### WHAT YOU NEED TO DO
Of the lines in the data below, write out exactly those from the one holding "Pre Owned Saint" through the one holding "Картридер USB 3.1", both included.

### DATA SHOWN
*****
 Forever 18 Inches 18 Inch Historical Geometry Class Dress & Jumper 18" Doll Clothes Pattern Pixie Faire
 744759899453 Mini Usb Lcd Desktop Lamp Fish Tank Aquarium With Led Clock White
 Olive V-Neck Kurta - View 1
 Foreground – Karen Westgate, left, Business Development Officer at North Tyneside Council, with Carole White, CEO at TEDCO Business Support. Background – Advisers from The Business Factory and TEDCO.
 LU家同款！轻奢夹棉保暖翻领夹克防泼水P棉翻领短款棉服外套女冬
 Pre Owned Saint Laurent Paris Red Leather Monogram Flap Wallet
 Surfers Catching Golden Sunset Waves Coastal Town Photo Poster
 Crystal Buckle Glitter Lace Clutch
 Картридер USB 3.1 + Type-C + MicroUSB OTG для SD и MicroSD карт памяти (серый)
*****
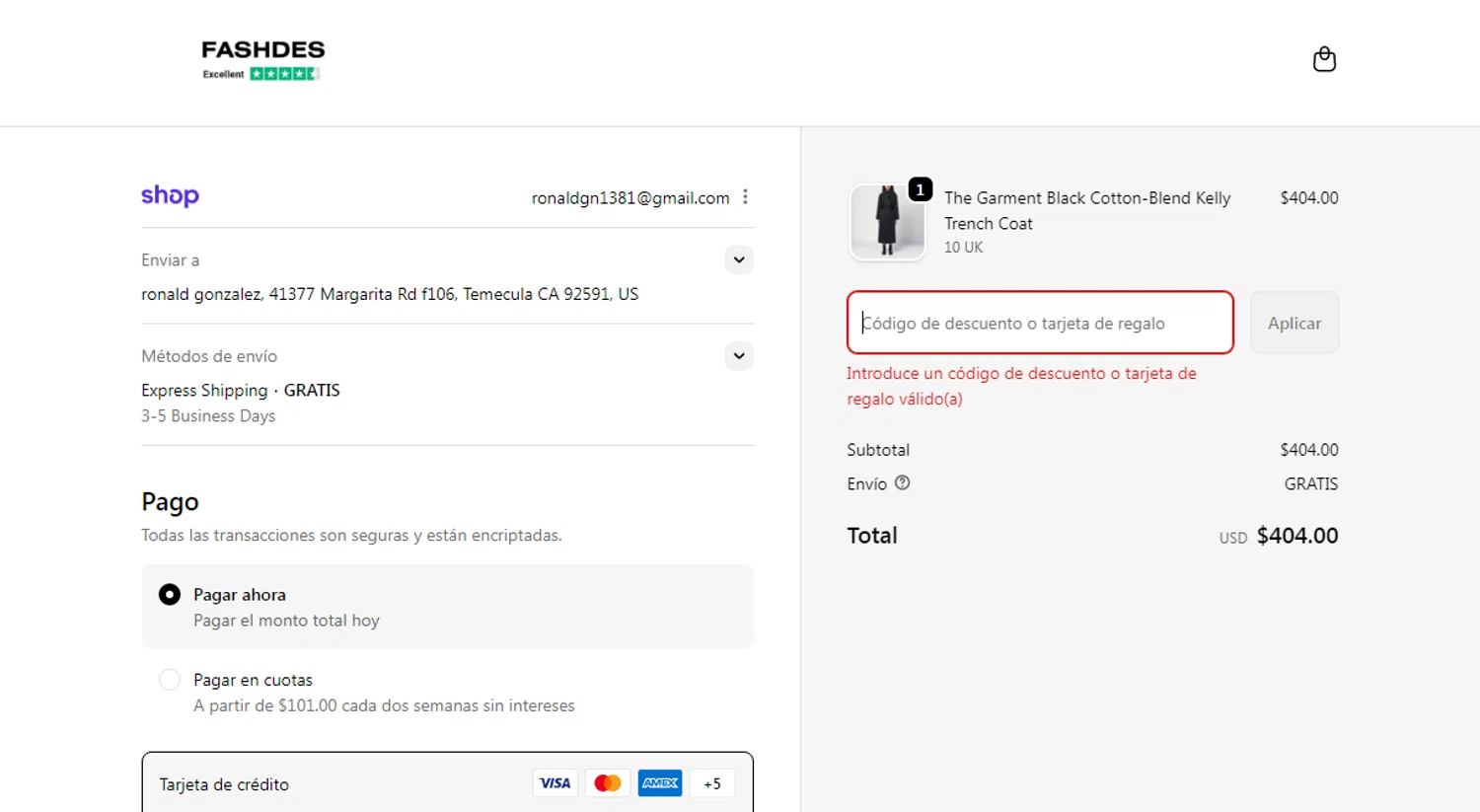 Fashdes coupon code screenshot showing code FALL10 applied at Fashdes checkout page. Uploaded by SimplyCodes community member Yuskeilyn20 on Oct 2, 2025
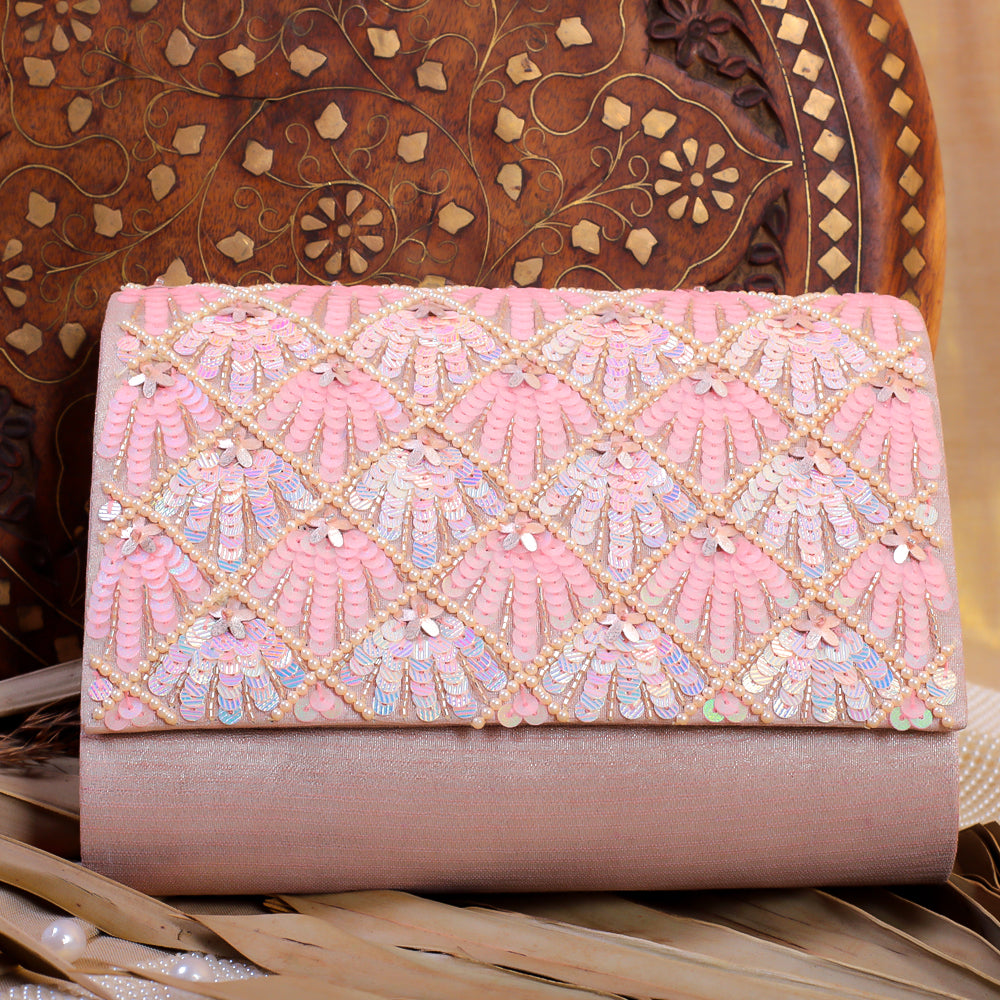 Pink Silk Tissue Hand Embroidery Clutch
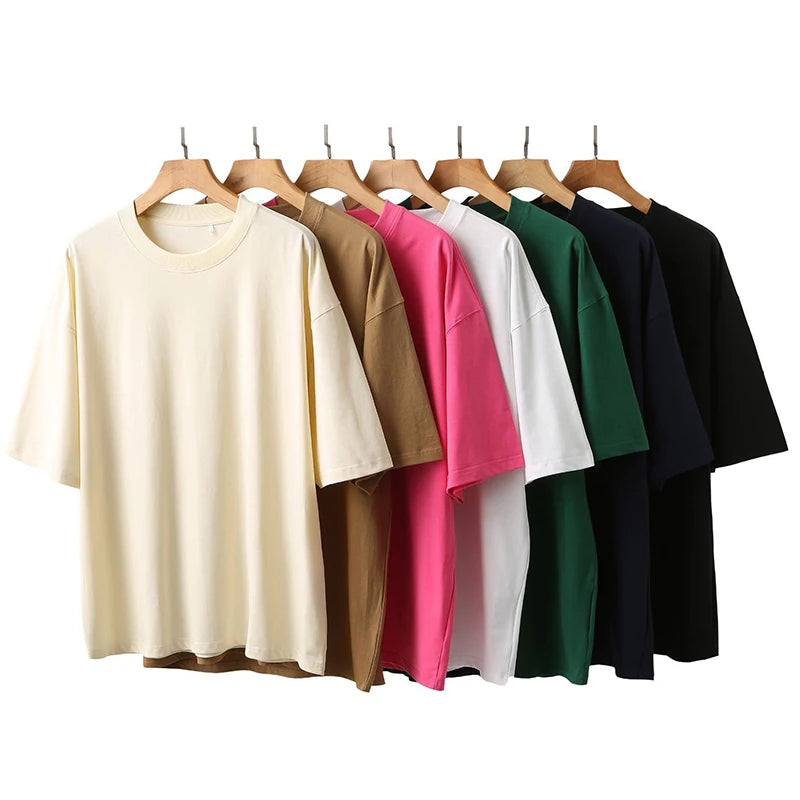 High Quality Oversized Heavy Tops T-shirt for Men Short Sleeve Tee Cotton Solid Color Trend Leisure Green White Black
*****
### REPLY TO THE TASK
 Pre Owned Saint Laurent Paris Red Leather Monogram Flap Wallet
 Surfers Catching Golden Sunset Waves Coastal Town Photo Poster
 Crystal Buckle Glitter Lace Clutch
 Картридер USB 3.1 + Type-C + MicroUSB OTG для SD и MicroSD карт памяти (серый)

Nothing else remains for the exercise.